The scientific journal Nature recently had an issue devoted to “big data” in which it discussed the impact that Google-like thinking has had on science. Our ability to measure things and record it digitally has exploded in the last decade, and the idea of collecting lots of data systematically is a very powerful one. It has all kinds of cool and interesting implications.
First, and most importantly, I think that people are now seriously thinking about fully instrumenting natural and artificial phenomena of interest. Let’s collect everything we can, put it in a database, and then form hypotheses and test them later. This is a good idea–IF the data can be collected cheaply enough and with sufficient precision to allow some science to happen. The worst case scenario is probably that the data allows us to form hypotheses, but is insufficient to provide proof for these hypotheses. In that case, additional precise experiments may be required. The best case scenario, however, is that the data is sufficient to extract knowledge and “laws” the way Tyco Brahe collected data about planetary movements that allowed the laws of planetary motion to be developed.
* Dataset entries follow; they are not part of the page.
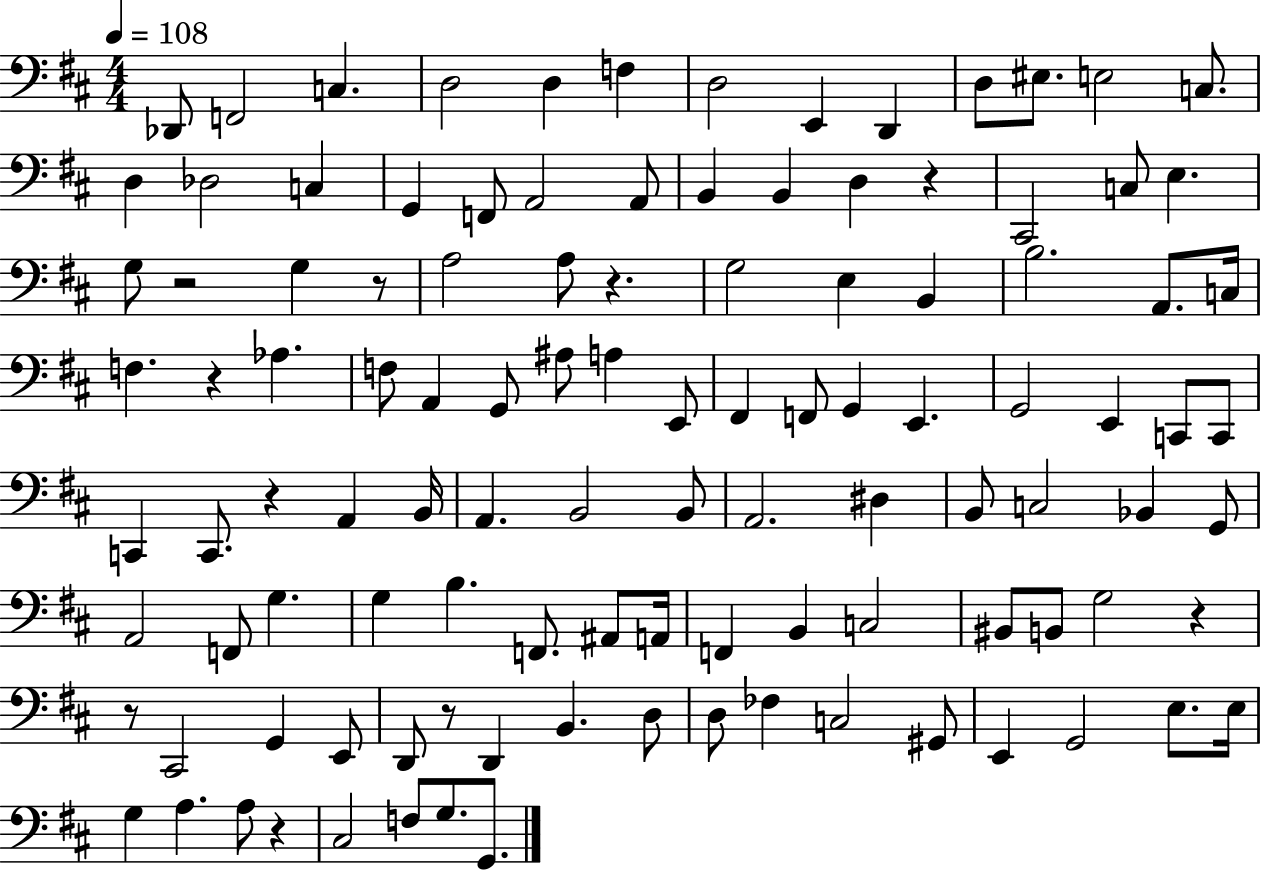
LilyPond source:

{
  \clef bass
  \numericTimeSignature
  \time 4/4
  \key d \major
  \tempo 4 = 108
  des,8 f,2 c4. | d2 d4 f4 | d2 e,4 d,4 | d8 eis8. e2 c8. | \break d4 des2 c4 | g,4 f,8 a,2 a,8 | b,4 b,4 d4 r4 | cis,2 c8 e4. | \break g8 r2 g4 r8 | a2 a8 r4. | g2 e4 b,4 | b2. a,8. c16 | \break f4. r4 aes4. | f8 a,4 g,8 ais8 a4 e,8 | fis,4 f,8 g,4 e,4. | g,2 e,4 c,8 c,8 | \break c,4 c,8. r4 a,4 b,16 | a,4. b,2 b,8 | a,2. dis4 | b,8 c2 bes,4 g,8 | \break a,2 f,8 g4. | g4 b4. f,8. ais,8 a,16 | f,4 b,4 c2 | bis,8 b,8 g2 r4 | \break r8 cis,2 g,4 e,8 | d,8 r8 d,4 b,4. d8 | d8 fes4 c2 gis,8 | e,4 g,2 e8. e16 | \break g4 a4. a8 r4 | cis2 f8 g8. g,8. | \bar "|."
}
Second, as we collect “big data” there will form a market for powerful and general informatics methods for analyzing this data. Clustering and classification algorithms are obvious first ways to partition data. Pattern recognition methods are also likely to be useful. The scatter/gather class of algorithms that allow parallel analysis of large data sets also emerge. Of course, there is always a place for domain-specific methods that take advantage of the known structure of the data, but we will conduct initial explorations almost always with general purpose algorithms.
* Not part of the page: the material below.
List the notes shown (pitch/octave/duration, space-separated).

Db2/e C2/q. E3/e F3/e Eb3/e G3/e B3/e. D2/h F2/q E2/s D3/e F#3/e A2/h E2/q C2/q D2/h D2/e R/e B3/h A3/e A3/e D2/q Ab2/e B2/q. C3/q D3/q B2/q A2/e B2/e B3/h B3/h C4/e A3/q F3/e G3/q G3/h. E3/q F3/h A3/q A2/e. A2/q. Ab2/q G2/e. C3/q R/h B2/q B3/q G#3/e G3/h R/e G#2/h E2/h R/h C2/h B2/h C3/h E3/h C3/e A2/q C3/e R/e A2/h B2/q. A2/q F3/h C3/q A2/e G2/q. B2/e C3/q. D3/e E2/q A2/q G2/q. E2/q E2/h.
Third, data-intensive computing may drive the computing industry to provide new solutions. The computers we have now are not always optimized for disk-based analysis of data. They do great when everything is in RAM, but virtual memory solutions often break down in data-intensive applications. The rise of “big data” has made cluster computing attractive. It also may drive a new generation of hardware. I am not aware of any GPU (graphical processing units) implementations of data-intensive codes, but I am very interested in trying to catalyze these. [GPUs have outpaced CPUs in computation speed and are now gaining attention in the scientific computing community. It turns out that the video game market created such great pressure on performance that the GPUs evolved to be very powerful very quickly. Now, scientists, such as my colleague Vijay Pande, are showing that these can be used for serious computation]. Most GPU implementations have taken advantage of the GPU speed (floating point operations per second, FLOPS), but relatively low data capacity. Maybe someone can be clever and enable GPU-based computing
Finally, “big data” should provide us enough information to seriously consider building full computational models of many natural phenomena. In biology, for example, we have never been able to contemplate a full model of a cell or an organ because these models simply had more parameters than we could reasonably estimate. The availability of high-throughput data collection and storage technologies may lead to data stores sufficient to estimate these parameters, and create computational simulations of nature (or parts of nature) that are robust and can not only interpolate but also extrapolate.
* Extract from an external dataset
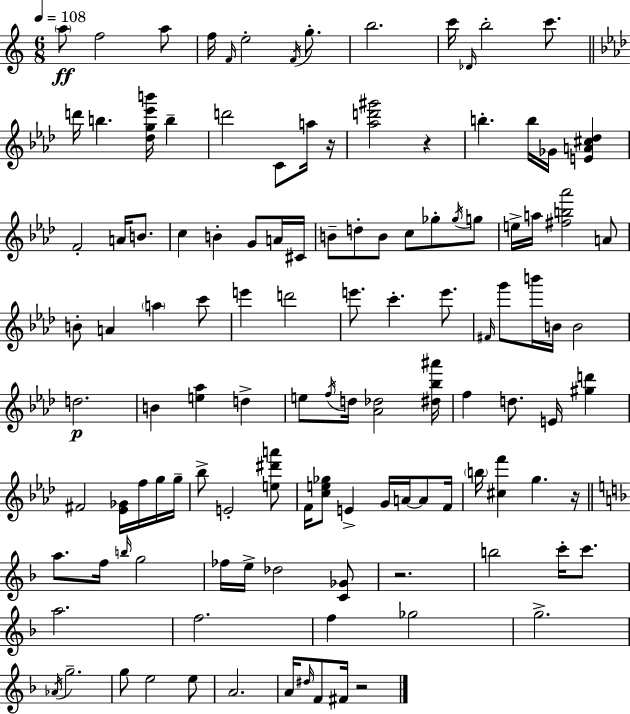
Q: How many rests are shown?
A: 5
So, lots of excitement. Also some pain–the next generation DNA sequencing machines are producing so much data that many biological labs that thought their informatics algorithms and hardware/software platforms were “just fine” have discovered that they are woefully inadequate. The biologists who use these machines are not interested in innovating informatics methods (and certainly not innovating hardware solutions)–they just want to do biology! However, some are being forced to pause and rethink their computational infrastructure.
As an informatician, I love big data. I have always told my students in bioinformatics that their best friend is a biologist with more than 7 data points. 7 petabytes is even better.